Work order
Set down all the data again. Change nothing.

Source data
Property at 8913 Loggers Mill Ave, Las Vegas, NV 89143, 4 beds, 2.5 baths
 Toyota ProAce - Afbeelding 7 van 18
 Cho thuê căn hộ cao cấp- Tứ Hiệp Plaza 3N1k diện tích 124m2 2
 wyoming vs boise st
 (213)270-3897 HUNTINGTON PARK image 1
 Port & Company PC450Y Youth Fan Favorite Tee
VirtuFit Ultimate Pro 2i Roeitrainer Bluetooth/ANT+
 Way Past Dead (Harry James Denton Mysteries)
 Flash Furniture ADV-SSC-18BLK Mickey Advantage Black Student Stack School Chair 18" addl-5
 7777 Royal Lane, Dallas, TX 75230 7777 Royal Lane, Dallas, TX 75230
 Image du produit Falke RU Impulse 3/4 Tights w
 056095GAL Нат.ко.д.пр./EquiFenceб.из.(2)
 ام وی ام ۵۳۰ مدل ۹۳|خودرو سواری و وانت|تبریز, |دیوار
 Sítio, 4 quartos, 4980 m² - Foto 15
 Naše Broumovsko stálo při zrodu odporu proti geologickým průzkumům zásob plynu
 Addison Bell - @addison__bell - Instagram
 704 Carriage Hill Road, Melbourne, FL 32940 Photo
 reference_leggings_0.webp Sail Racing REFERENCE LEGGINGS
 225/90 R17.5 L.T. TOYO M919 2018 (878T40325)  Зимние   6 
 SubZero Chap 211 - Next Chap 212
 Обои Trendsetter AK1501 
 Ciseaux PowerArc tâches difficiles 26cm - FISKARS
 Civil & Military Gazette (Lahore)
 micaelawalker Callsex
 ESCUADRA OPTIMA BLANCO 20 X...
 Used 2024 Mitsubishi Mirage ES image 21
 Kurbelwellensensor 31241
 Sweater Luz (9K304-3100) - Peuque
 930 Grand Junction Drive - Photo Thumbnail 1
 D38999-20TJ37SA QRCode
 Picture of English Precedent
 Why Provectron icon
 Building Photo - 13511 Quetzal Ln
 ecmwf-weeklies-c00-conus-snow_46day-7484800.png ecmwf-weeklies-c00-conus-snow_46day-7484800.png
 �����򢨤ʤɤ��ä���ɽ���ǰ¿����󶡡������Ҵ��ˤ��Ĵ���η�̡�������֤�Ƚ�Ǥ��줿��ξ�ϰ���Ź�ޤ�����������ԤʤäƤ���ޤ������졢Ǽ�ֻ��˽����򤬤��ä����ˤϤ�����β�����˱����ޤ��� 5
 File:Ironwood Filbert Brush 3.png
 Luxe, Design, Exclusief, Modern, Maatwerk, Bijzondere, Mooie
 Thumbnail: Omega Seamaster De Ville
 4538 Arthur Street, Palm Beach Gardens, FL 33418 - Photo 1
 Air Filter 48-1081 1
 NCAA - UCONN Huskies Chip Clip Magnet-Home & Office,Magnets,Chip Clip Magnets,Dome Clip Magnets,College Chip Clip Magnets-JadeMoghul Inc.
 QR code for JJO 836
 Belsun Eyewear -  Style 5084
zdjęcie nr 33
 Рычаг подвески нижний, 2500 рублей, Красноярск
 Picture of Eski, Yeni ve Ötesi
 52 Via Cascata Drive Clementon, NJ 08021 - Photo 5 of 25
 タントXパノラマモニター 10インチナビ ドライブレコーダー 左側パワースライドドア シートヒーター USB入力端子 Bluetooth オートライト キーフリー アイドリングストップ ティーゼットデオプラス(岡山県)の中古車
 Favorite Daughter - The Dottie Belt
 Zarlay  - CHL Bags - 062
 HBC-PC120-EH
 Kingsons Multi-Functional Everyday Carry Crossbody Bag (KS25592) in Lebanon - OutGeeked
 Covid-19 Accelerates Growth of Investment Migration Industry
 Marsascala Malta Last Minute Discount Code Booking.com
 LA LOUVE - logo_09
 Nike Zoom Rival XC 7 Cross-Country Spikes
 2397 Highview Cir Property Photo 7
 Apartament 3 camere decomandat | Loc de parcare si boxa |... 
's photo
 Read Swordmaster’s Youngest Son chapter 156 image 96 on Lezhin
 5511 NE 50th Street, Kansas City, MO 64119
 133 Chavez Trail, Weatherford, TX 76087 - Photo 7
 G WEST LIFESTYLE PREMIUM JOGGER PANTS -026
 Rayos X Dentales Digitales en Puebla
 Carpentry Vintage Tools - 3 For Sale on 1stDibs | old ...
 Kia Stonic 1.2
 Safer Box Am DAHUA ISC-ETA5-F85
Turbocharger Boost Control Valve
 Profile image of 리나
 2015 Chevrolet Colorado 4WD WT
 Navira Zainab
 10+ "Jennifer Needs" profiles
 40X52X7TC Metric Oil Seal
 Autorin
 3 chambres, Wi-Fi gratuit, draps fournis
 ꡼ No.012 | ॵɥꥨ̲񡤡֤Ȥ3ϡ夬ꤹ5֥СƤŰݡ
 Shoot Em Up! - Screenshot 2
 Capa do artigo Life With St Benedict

Written reply
Property at 8913 Loggers Mill Ave, Las Vegas, NV 89143, 4 beds, 2.5 baths
 Toyota ProAce - Afbeelding 7 van 18
 Cho thuê căn hộ cao cấp- Tứ Hiệp Plaza 3N1k diện tích 124m2 2
 wyoming vs boise st
 (213)270-3897 HUNTINGTON PARK image 1
 Port & Company PC450Y Youth Fan Favorite Tee
VirtuFit Ultimate Pro 2i Roeitrainer Bluetooth/ANT+
 Way Past Dead (Harry James Denton Mysteries)
 Flash Furniture ADV-SSC-18BLK Mickey Advantage Black Student Stack School Chair 18" addl-5
 7777 Royal Lane, Dallas, TX 75230 7777 Royal Lane, Dallas, TX 75230
 Image du produit Falke RU Impulse 3/4 Tights w
 056095GAL Нат.ко.д.пр./EquiFenceб.из.(2)
 ام وی ام ۵۳۰ مدل ۹۳|خودرو سواری و وانت|تبریز, |دیوار
 Sítio, 4 quartos, 4980 m² - Foto 15
 Naše Broumovsko stálo při zrodu odporu proti geologickým průzkumům zásob plynu
 Addison Bell - @addison__bell - Instagram
 704 Carriage Hill Road, Melbourne, FL 32940 Photo
 reference_leggings_0.webp Sail Racing REFERENCE LEGGINGS
 225/90 R17.5 L.T. TOYO M919 2018 (878T40325)  Зимние   6 
 SubZero Chap 211 - Next Chap 212
 Обои Trendsetter AK1501 
 Ciseaux PowerArc tâches difficiles 26cm - FISKARS
 Civil & Military Gazette (Lahore)
 micaelawalker Callsex
 ESCUADRA OPTIMA BLANCO 20 X...
 Used 2024 Mitsubishi Mirage ES image 21
 Kurbelwellensensor 31241
 Sweater Luz (9K304-3100) - Peuque
 930 Grand Junction Drive - Photo Thumbnail 1
 D38999-20TJ37SA QRCode
 Picture of English Precedent
 Why Provectron icon
 Building Photo - 13511 Quetzal Ln
 ecmwf-weeklies-c00-conus-snow_46day-7484800.png ecmwf-weeklies-c00-conus-snow_46day-7484800.png
 �����򢨤ʤɤ��ä���ɽ���ǰ¿����󶡡������Ҵ��ˤ��Ĵ���η�̡�������֤�Ƚ�Ǥ��줿��ξ�ϰ���Ź�ޤ�����������ԤʤäƤ���ޤ������졢Ǽ�ֻ��˽����򤬤��ä����ˤϤ�����β�����˱����ޤ��� 5
 File:Ironwood Filbert Brush 3.png
 Luxe, Design, Exclusief, Modern, Maatwerk, Bijzondere, Mooie
 Thumbnail: Omega Seamaster De Ville
 4538 Arthur Street, Palm Beach Gardens, FL 33418 - Photo 1
 Air Filter 48-1081 1
 NCAA - UCONN Huskies Chip Clip Magnet-Home & Office,Magnets,Chip Clip Magnets,Dome Clip Magnets,College Chip Clip Magnets-JadeMoghul Inc.
 QR code for JJO 836
 Belsun Eyewear -  Style 5084
zdjęcie nr 33
 Рычаг подвески нижний, 2500 рублей, Красноярск
 Picture of Eski, Yeni ve Ötesi
 52 Via Cascata Drive Clementon, NJ 08021 - Photo 5 of 25
 タントXパノラマモニター 10インチナビ ドライブレコーダー 左側パワースライドドア シートヒーター USB入力端子 Bluetooth オートライト キーフリー アイドリングストップ ティーゼットデオプラス(岡山県)の中古車
 Favorite Daughter - The Dottie Belt
 Zarlay  - CHL Bags - 062
 HBC-PC120-EH
 Kingsons Multi-Functional Everyday Carry Crossbody Bag (KS25592) in Lebanon - OutGeeked
 Covid-19 Accelerates Growth of Investment Migration Industry
 Marsascala Malta Last Minute Discount Code Booking.com
 LA LOUVE - logo_09
 Nike Zoom Rival XC 7 Cross-Country Spikes
 2397 Highview Cir Property Photo 7
 Apartament 3 camere decomandat | Loc de parcare si boxa |... 
's photo
 Read Swordmaster’s Youngest Son chapter 156 image 96 on Lezhin
 5511 NE 50th Street, Kansas City, MO 64119
 133 Chavez Trail, Weatherford, TX 76087 - Photo 7
 G WEST LIFESTYLE PREMIUM JOGGER PANTS -026
 Rayos X Dentales Digitales en Puebla
 Carpentry Vintage Tools - 3 For Sale on 1stDibs | old ...
 Kia Stonic 1.2
 Safer Box Am DAHUA ISC-ETA5-F85
Turbocharger Boost Control Valve
 Profile image of 리나
 2015 Chevrolet Colorado 4WD WT
 Navira Zainab
 10+ "Jennifer Needs" profiles
 40X52X7TC Metric Oil Seal
 Autorin
 3 chambres, Wi-Fi gratuit, draps fournis
 ꡼ No.012 | ॵɥꥨ̲񡤡֤Ȥ3ϡ夬ꤹ5֥СƤŰݡ
 Shoot Em Up! - Screenshot 2
 Capa do artigo Life With St Benedict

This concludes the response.